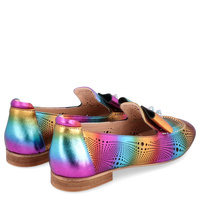 Kolorowe skórzane mokasyny - EMI ROMANI 010.1307 MULTIKOLOR 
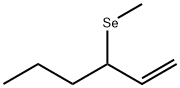 1-Hexene, 3-(methylseleno)- Structure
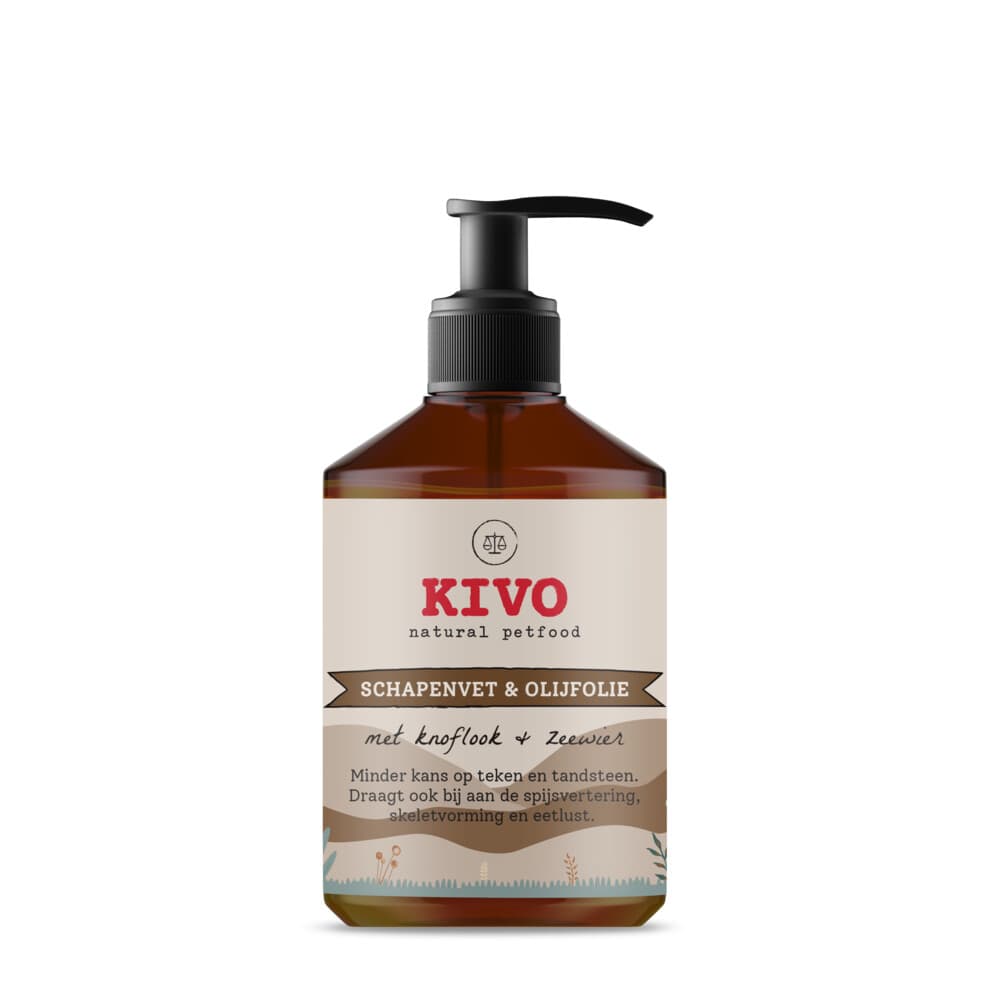 Kivo Schapenvet met Knoflook&Zeewier 500 ml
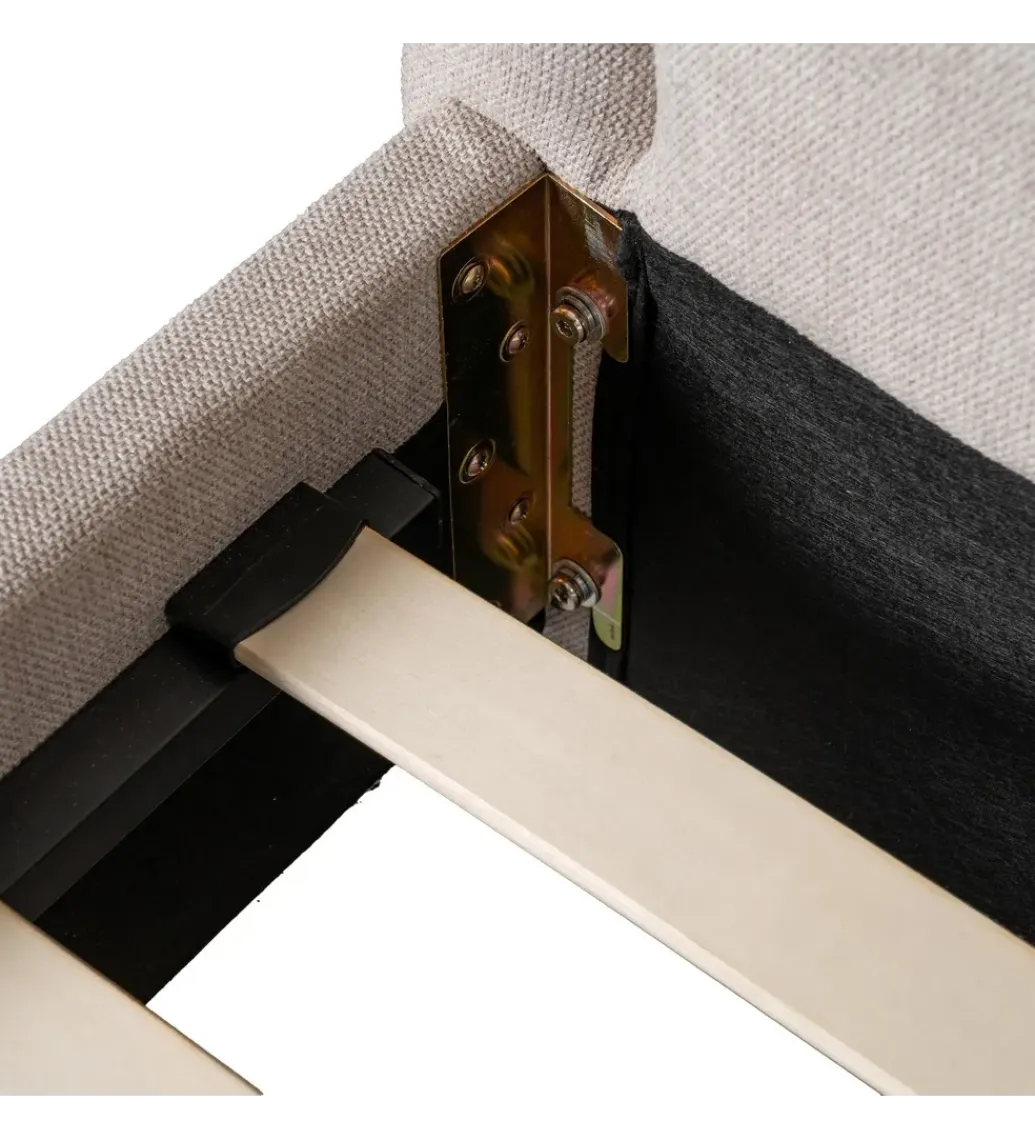 Łóżko DORMITAR 160 x 217 cm beżowe*Zona-Design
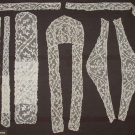 FIVE PIECE ALENCON LACE ACCESSORY SET, c. 1780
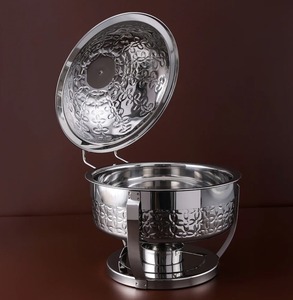 Nuevo plato de frotamiento de acero inoxidable, cazuela, olla caliente de Metal, calentador de comida elegante, buffet, fiesta, casas, boda, hoteles, uso de villas - Product Image 3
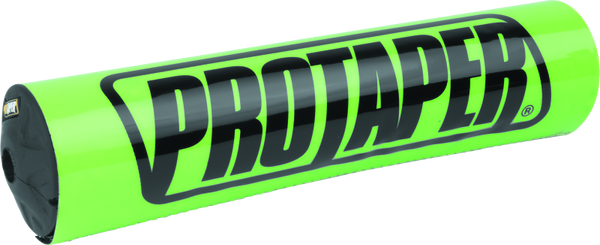 ProTaper 10in Round Bar Pad - Race Green - Bull Strap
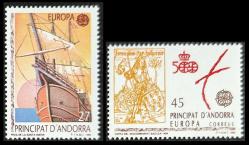 +++ ANDORRA (İSPANYOL) CEPT , KEŞİFLER ve KAŞİFLER     1992     - DAMGASIZ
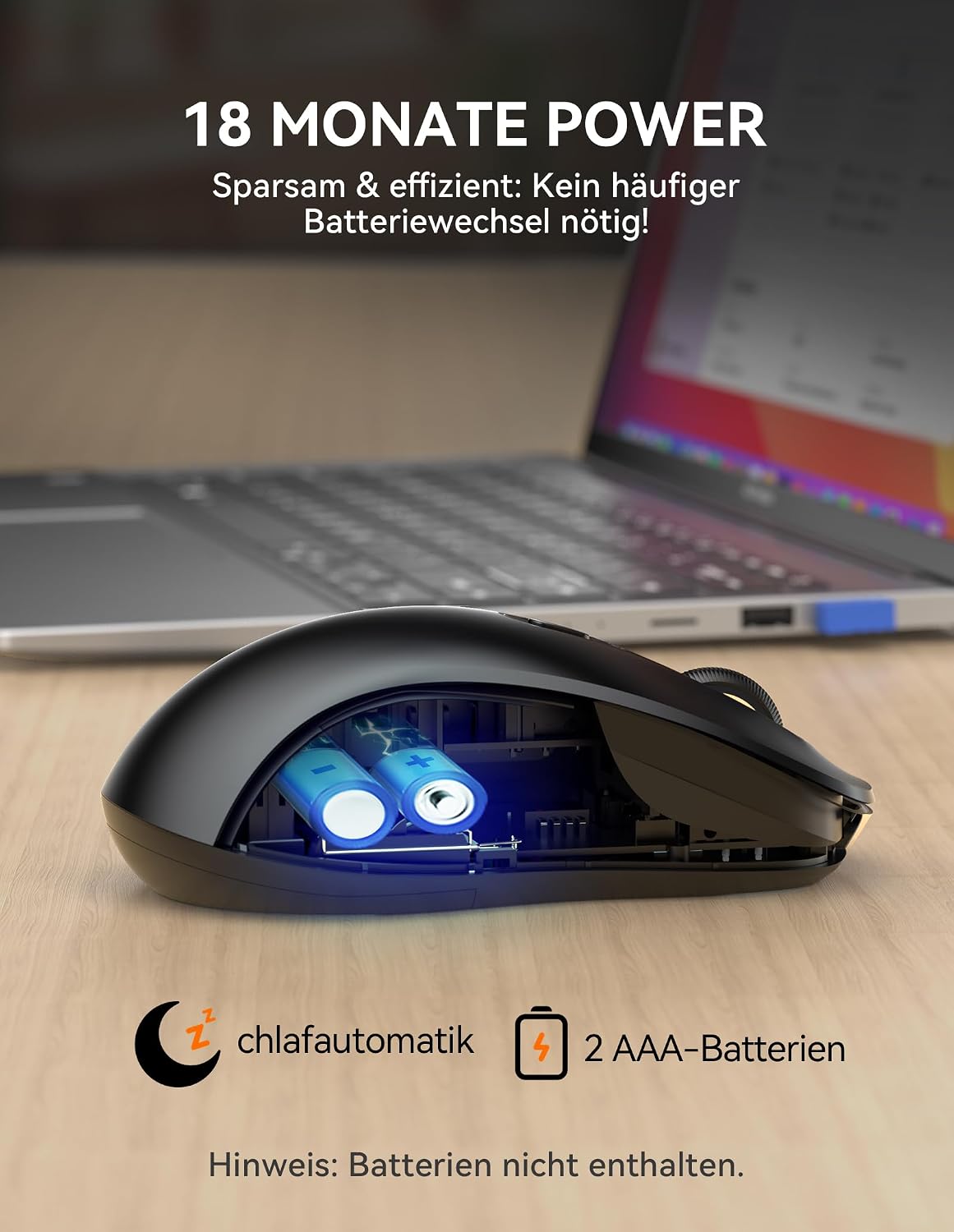 Thumbnail 4 de TECKNET Bluetooth Maus Tri-Modus 4800 DPI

■ ■ ■ ■

# [What the task requires]
Which lines run from the one containing "Kivo Schapenvet met Knoflook&Zeewier 500 ml" through the last line of the entries above? Output them exactly, both ends included, with no pictures.

# [Response area]
 Kivo Schapenvet met Knoflook&Zeewier 500 ml
 Łóżko DORMITAR 160 x 217 cm beżowe*Zona-Design
 FIVE PIECE ALENCON LACE ACCESSORY SET, c. 1780
 Nuevo plato de frotamiento de acero inoxidable, cazuela, olla caliente de Metal, calentador de comida elegante, buffet, fiesta, casas, boda, hoteles, uso de villas - Product Image 3
 ProTaper 10in Round Bar Pad - Race Green - Bull Strap
 +++ ANDORRA (İSPANYOL) CEPT , KEŞİFLER ve KAŞİFLER     1992     - DAMGASIZ
 Thumbnail 4 de TECKNET Bluetooth Maus Tri-Modus 4800 DPI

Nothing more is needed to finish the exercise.